Bolaños made 8 appearances for Kansas City in 2022, working to a 4.42 ERA with 12 strikeouts in 18 1/3 innings pitched. On June 27, 2022, he was designated for assignment following the promotion of Vinnie Pasquantino. He cleared waivers and was sent outright to the Triple-A Omaha Storm Chasers on July 4. In 28 appearances for Omaha to close out the year, he struggled to a 6.26 ERA with 34 strikeouts in 41 2/3 innings pitched.

Bolaños was released by the Royals organization on March 24, 2023.

===Miami Marlins===
On April 16, 2023, Bolaños signed a minor league deal with the Miami Marlins. In 16 games (15 starts) for the Triple–A Jacksonville Jumbo Shrimp, he struggled to a 3–10 record and 8.63 ERA with 48 strikeouts in 65 2/3 innings pitched. On August 3, Bolaños was released by the Marlins organization.

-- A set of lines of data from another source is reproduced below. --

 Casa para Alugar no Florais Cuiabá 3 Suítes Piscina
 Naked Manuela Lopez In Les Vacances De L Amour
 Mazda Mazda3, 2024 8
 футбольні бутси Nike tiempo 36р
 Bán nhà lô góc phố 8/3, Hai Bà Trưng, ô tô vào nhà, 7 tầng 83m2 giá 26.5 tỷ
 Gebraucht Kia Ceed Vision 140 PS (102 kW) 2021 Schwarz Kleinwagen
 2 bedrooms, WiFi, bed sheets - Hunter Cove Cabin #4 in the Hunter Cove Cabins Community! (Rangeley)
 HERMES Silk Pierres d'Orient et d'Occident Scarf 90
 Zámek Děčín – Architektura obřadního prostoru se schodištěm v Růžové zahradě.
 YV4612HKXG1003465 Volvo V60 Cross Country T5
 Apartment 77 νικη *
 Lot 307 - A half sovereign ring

===Diablos Rojos del México===
On February 8, 2024, Bolaños signed with the Diablos Rojos del México of the Mexican League. He made two appearances for México, logging a 4.15 ERA with two strikeouts across 4 1/3 innings of work.

===Guerreros de Oaxaca===
On April 21, 2024, Bolaños was traded to the Guerreros de Oaxaca of the Mexican League. He made two starts for Oaxaca, but struggled immensely to a 15.19 ERA with 6 strikeouts across 5 1/3 innings.

===Algodoneros de Unión Laguna===
On May 9, 2024, Bolaños was traded to the Algodoneros de Unión Laguna of the Mexican League. He made five starts for Laguna, posting a 1–2 record with a 7.71 ERA and seven strikeouts across 16 1/3 innings. Bolaños was released by the Algodoneros on June 14.

===Conspiradores de Querétaro===
On March 5, 2025, Bolaños signed with the Guerreros de Oaxaca of the Mexican League. He was released prior to the start of the season on March 28.

On April 22, 2025, Bolaños signed with the Conspiradores de Querétaro of the Mexican League. In 10 appearances (nine starts) for Querétaro, he struggled to a 1-4 record and 10.50 ERA with 22 strikeouts over 36 innings of work. Bolaños was released by the Conspiradores on June 19.

===Charleston Dirty Birds===
On May 7, 2026, Bolaños signed with the Charleston Dirty Birds of the Atlantic League of Professional Baseball. He was released on May 19. In 2 games (1 start) he threw 5 innings struggling mightily going 0-1 with a 12.60 ERA with more walks (3) than strikeouts (1).